FPÖ-Gemeinderat Karl-Heinz Knoll hat sich die Tricks mit den Zweitwohnsitzern nun einmal genauer angeschaut. Was dabei herauskam, kann – ohne Übertreibung – wohl mit dem Wort "Skandal" betitelt werden. Knoll nahm sich einen einzigen Wahlsprengel vor, nämlich die Innenstadt von Waidhofen an der Ybbs, wo er 154 Beeinspruchungen machte. Und siehe da: In 94 Fällen bekam er Recht. Diese Personen wurden aus dem Wählerverzeichnis gestrichen, darunter – und das ist besonders pikant – auch einer der Söhne von Innenminister Wolfgang Sobotka (ÖVP).

Drei Personen haben Wohnsitz im Rathaus

Dem nicht genug, wurden auch noch drei Personen ausgeforscht, die – Frechheit siegt – im Rathaus angemeldet sind. Zwar nicht beim Haupteingang am Oberen Stadtplatz 28, sondern beim Hintereingang am Freisingerberg 4. Offenbar handelt es sich dabei um Scheinwohnsitze, die zugunsten einer Partei eingerichtet wurden. So also geht es bei Wahlen in Österreich zu. Da braucht man sich nicht zu wundern, wie manche Wahlergebnisse zustande kommen.

Einspruch muss gegen jeden einzelnen erhoben werden

Karl-Heinz Knoll von der FPÖ vermutet wohl zurecht, dass er auch bei den anderen Zweitwohnsitzern in anderen Sprengeln ähnliche Streichungserfolge gefeiert hätte wie in der Innenstadt. Insgesamt gibt es in der 12.000-Einwohner-Stadt Waidhofen an der Ybbs 1460 Personen mit Nebenwohnsitzen.

"Das Problem ist, dass gegen jeden einzelnen Einspruch erhoben werden muss", so Knoll gegenüber Unzensuriert.at. Das ging sich innerhalb der Fristen aber nicht aus. Außerdem wären die Magistratsmitarbeiter nicht sehr erfreut, wenn sie sich diese Arbeit antun müssten. Durch den Einspruch von Knoll im Wahlsprengel Innenstadt hätten die Beamten auch am 8. Dezember arbeiten müssen.

Antrag der Freiheitlichen im Land wird nicht behandelt

Jedenfalls bestehe bezüglich Zweitwohnsitz-Wahlrecht in Niederösterreich dringend Handlungsbedarf, sagt Karl-Heinz Knoll. Ein entsprechender Antrag der Freiheitlichen werde im Land aber nicht behandelt.
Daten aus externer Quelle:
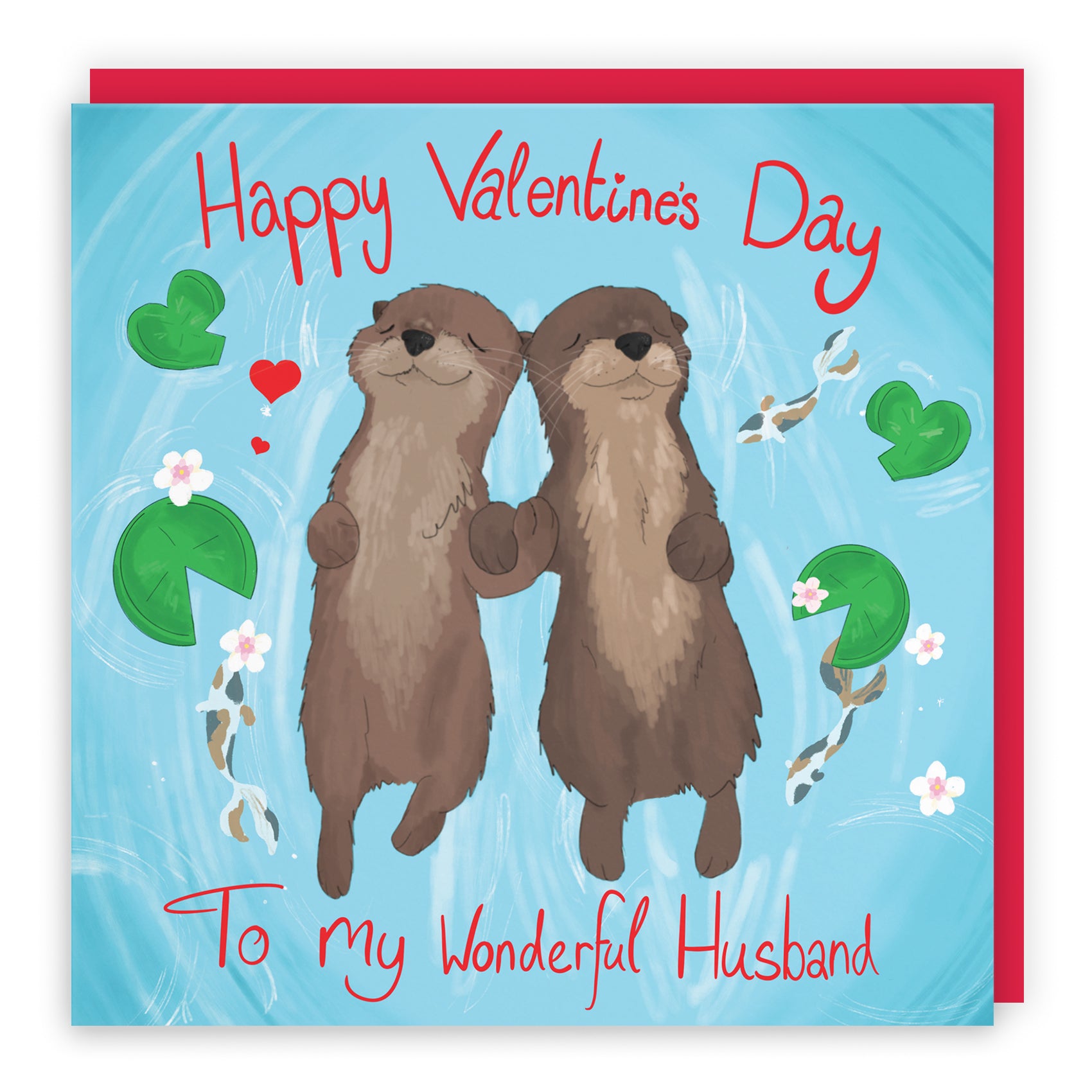 Otters Valentine's Day Card Cute Animals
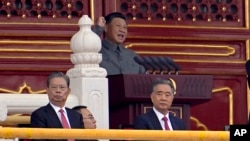 中国国家主席习近平2021年7月1日在北京天安门广场发表中共建党100周年庆祝活动讲话。(美联社)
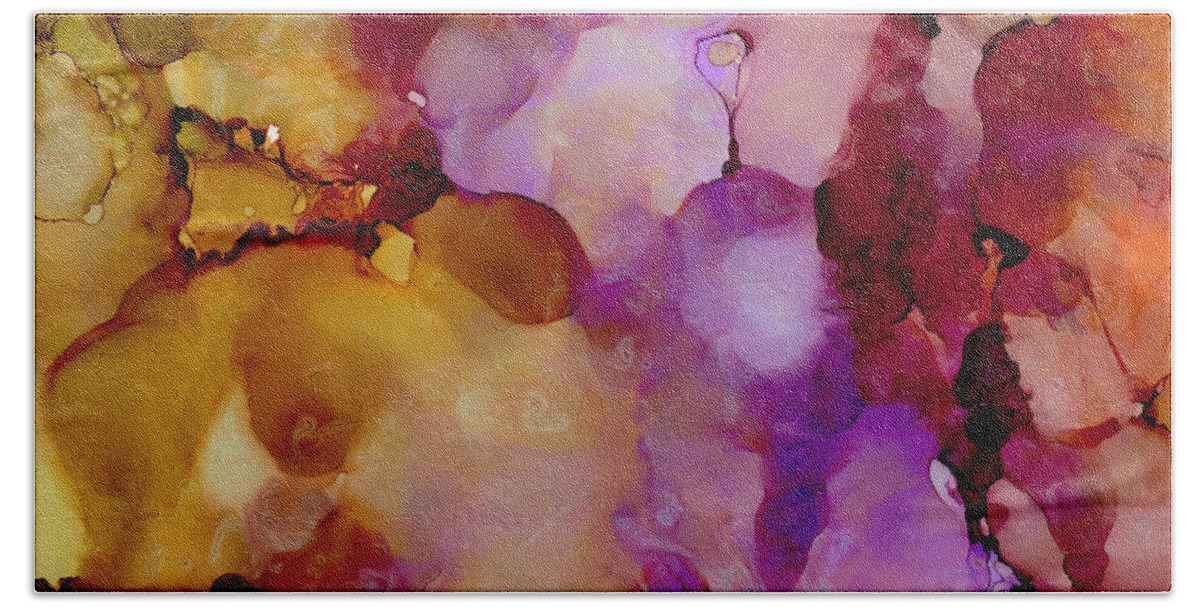 Floral Beach Sheet featuring the painting Abstract Floral #22 by Laurie Williams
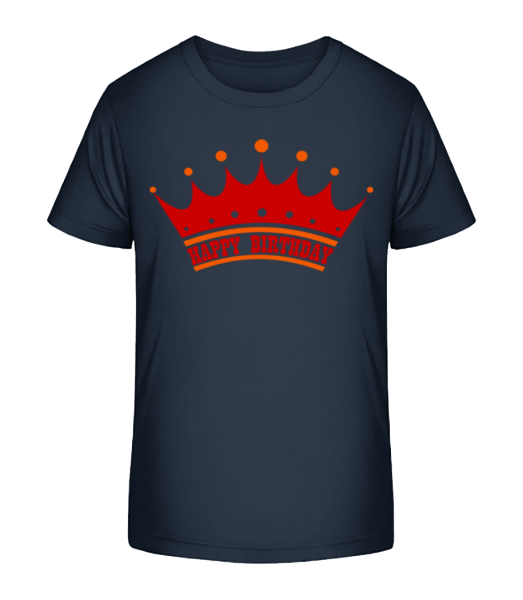 Happy Birthday Crown - Kid's Bio T-Shirt Stanley Stella - Navy - Front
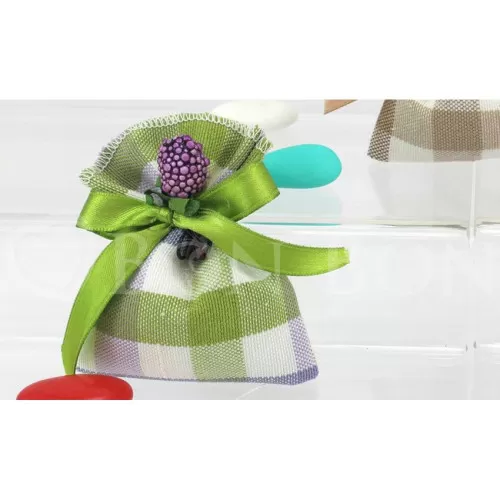 Sacchetto compleanno e prima comunione country verde e lilla busta piccola Liete Creazioni - 1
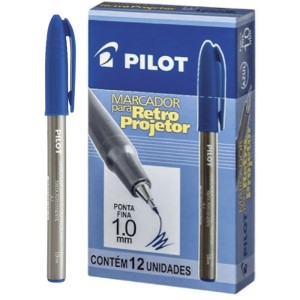 Caneta Retroprojetor 1.0mm - Azul c/12 Pilot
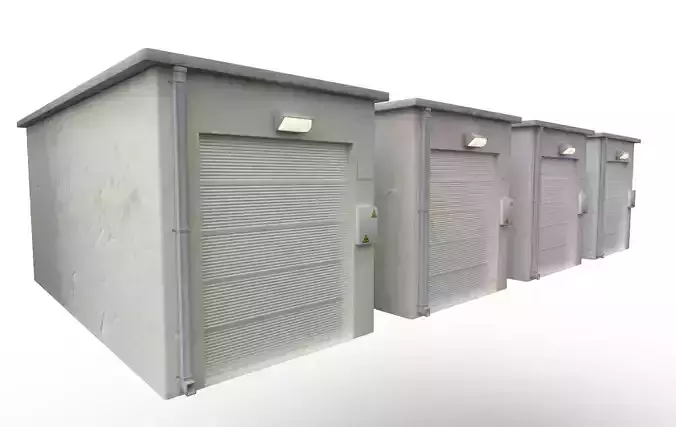 Low Poly Warehouse Building Rigged Doors 4 Color Variants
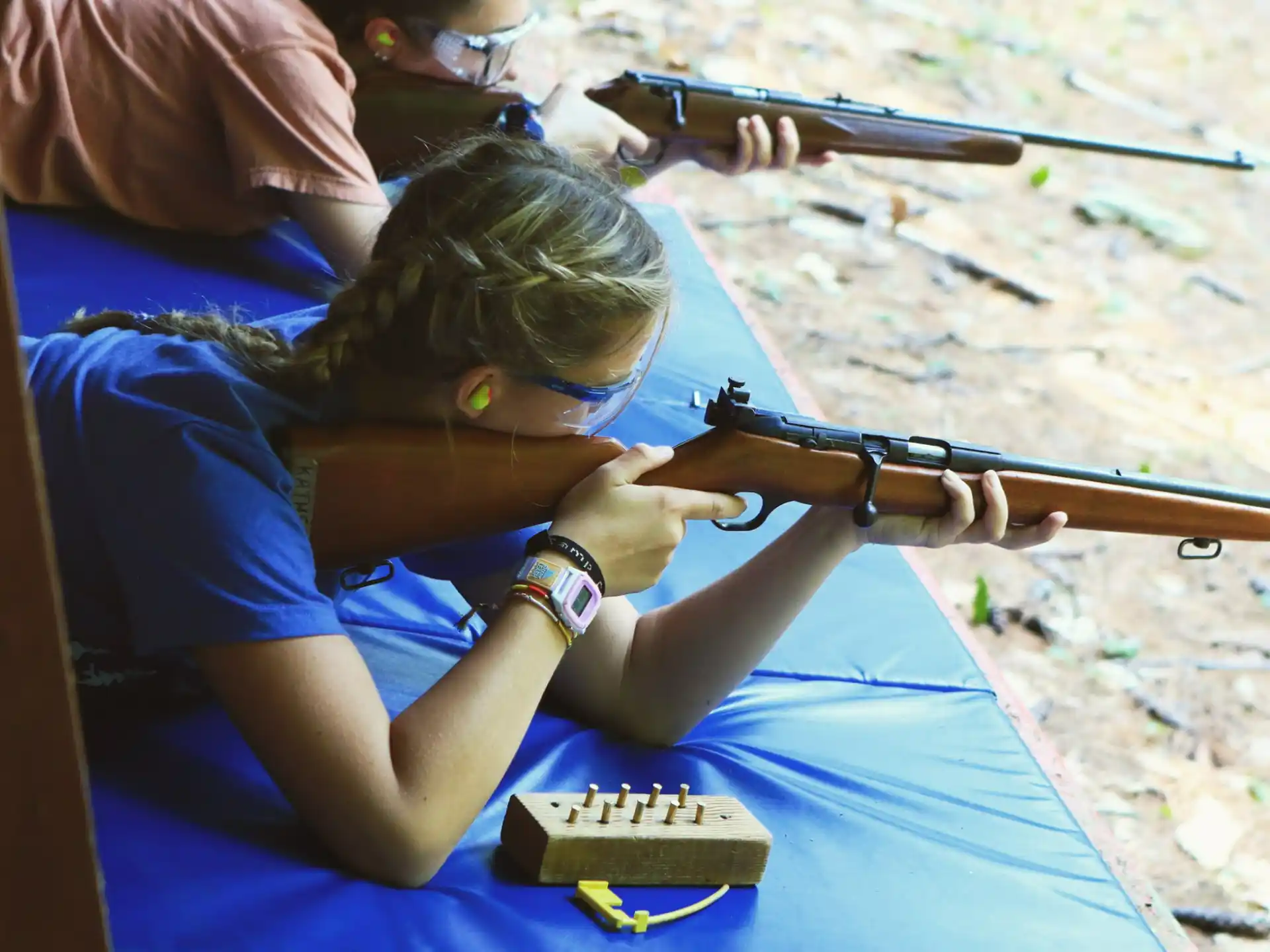 a person holding a gun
Der Magistratsdirektor von Waidhofen an der Ybbs, Christian Schneider, will von Wahlmanipulation nichts wissen. Aus Sicht der Behörde, so berichtet orf.at, ist es nicht gerechtfertigt, wenn pauschal von einer Scheinmeldung zum Zweck der Ausübung des Wahlrechts gesprochen wird, erklärt Schneider. Er sehe systembedingte Unschärfen, jedoch keine Wahlmanipulation.

147 Prozent Wahlbeteiligung bei Bundespräsidentenwahl

Das sieht Karl-Heinz Knoll anders und fordert den Gesetzgeber auf, dringend eine Wahlrechtsreform durchzuführen. Personen mit Nebenwohnsitzen dürfen übrigens nur in Niederösterreich und im Burgenland ihre Stimme abgeben.

Waidhofen an der Ybbs ist zudem schon einmal wegen Unregelmäßigkeiten aufgefallen: Bei der Bundespräsidenten-Stichwahl gab es – angeblich wegen eines Eingabefehlers durch die Landeswahlbehörde – 147 Prozent Wahlbeteiligung.